2006:1568 - Gernonstown, Meath

NMI Burial Excavation Records

County: Meath Site name: Gernonstown

Sites and Monuments Record No.: - Licence number: 06E0606

Author: Martin Reid, National Monuments Section, Department of the Environment, Heritage and Local Government, Dun Scéine, Harcourt Lane, Dublin 2.

Site type: 18th-century feature

Period/Dating:

ITM: E 692539m, N 775438m

Latitude, Longitude (decimal degrees): 53.720401, -6.597903

On May 9 2006, a report was received by the National Monuments Service regarding damage to a monument in the townland of Gernonstown, Co. Meath. Although not included in the SMR, it was a mound that had archaeological potential.

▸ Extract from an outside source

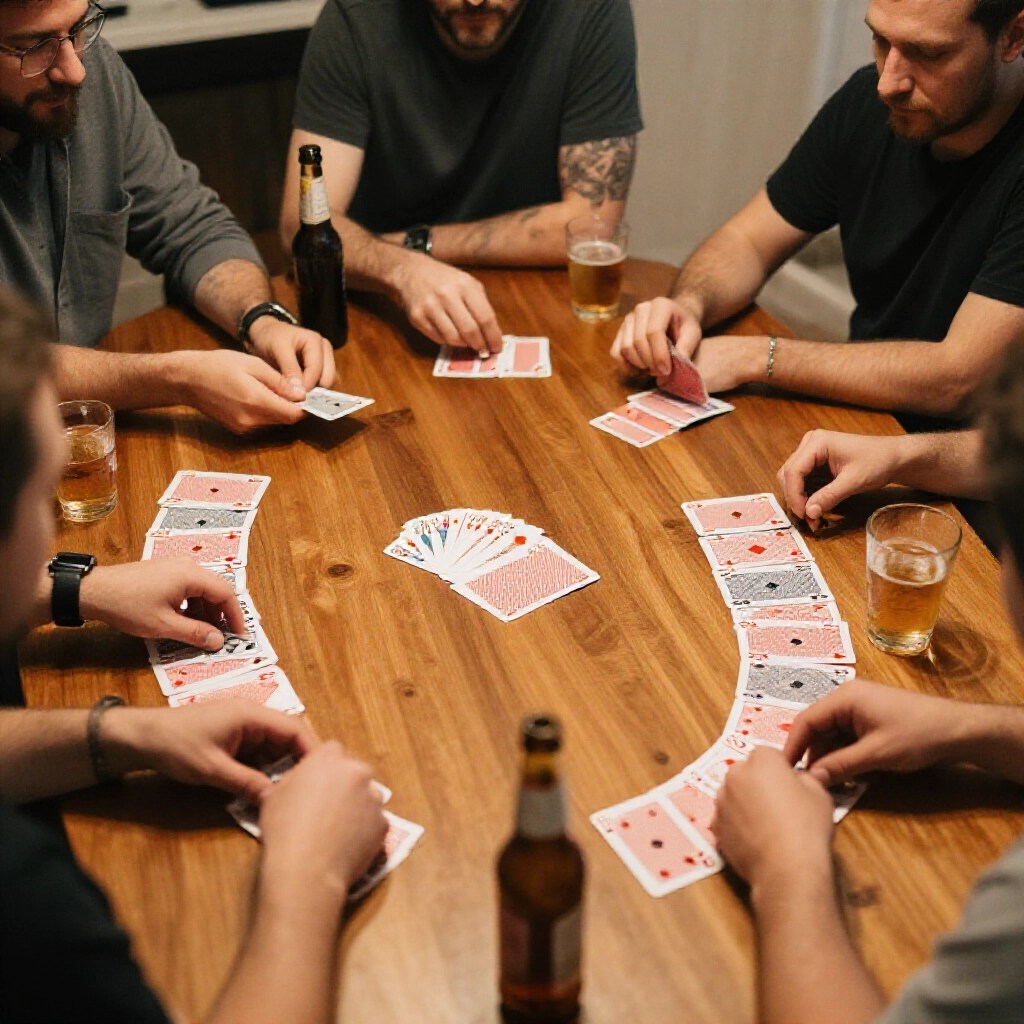 players sitting around a wooden table with a full deck of poker cards fanned out in a circle hands reaching to draw cards bottles of beer and glasses nearby focused expressions anticipating the next rule casual home party setting soft ambient light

Prior to excavation, the site was seen as a flat-topped mound measuring c. 1m in height and c. 10m in diameter, surrounded by a possible ditch and bank. The setting is in a field of pasture on a south-facing slope overlooking a valley. A ring of stones c. 6m in diameter appeared set into the sod at the top of the mound. The Archaeological Survey of Ireland archaeologist’s report described it as a possible stepped barrow and gave it the SMR number ME019–076.
The damage to the monument consisted of several machine-cut chunks taken out of the north side of the mound. It was decided to clean up and plan the mound and to cut one test-trench across the line of the possible ditch to establish whether or not it was a ditch. This work with staff from the National Monuments Section took place over two days, 26–27 June 2006. The results showed that there was no ditch but that the stones set into the mound were at the top of a foundation of loose stones and decayed mortar. The cut was 0.9–1m wide and 0.18m deep. Several fragments of a late 18th-century glass bottle were found at the base of this foundation.
The site appears to be an 18th-century feature/
folly set into a pre-existing mound. The foundation may have held a gazebo and functioned as a viewing platform over the valley below. The mound was reinstated by machine supervised by Pauline Gleeson in early July and the landowner has agreed to leave it undisturbed. There was no evidence to show that the mound was man-made and this question will have to wait until excavation into the mound can be undertaken in a research context.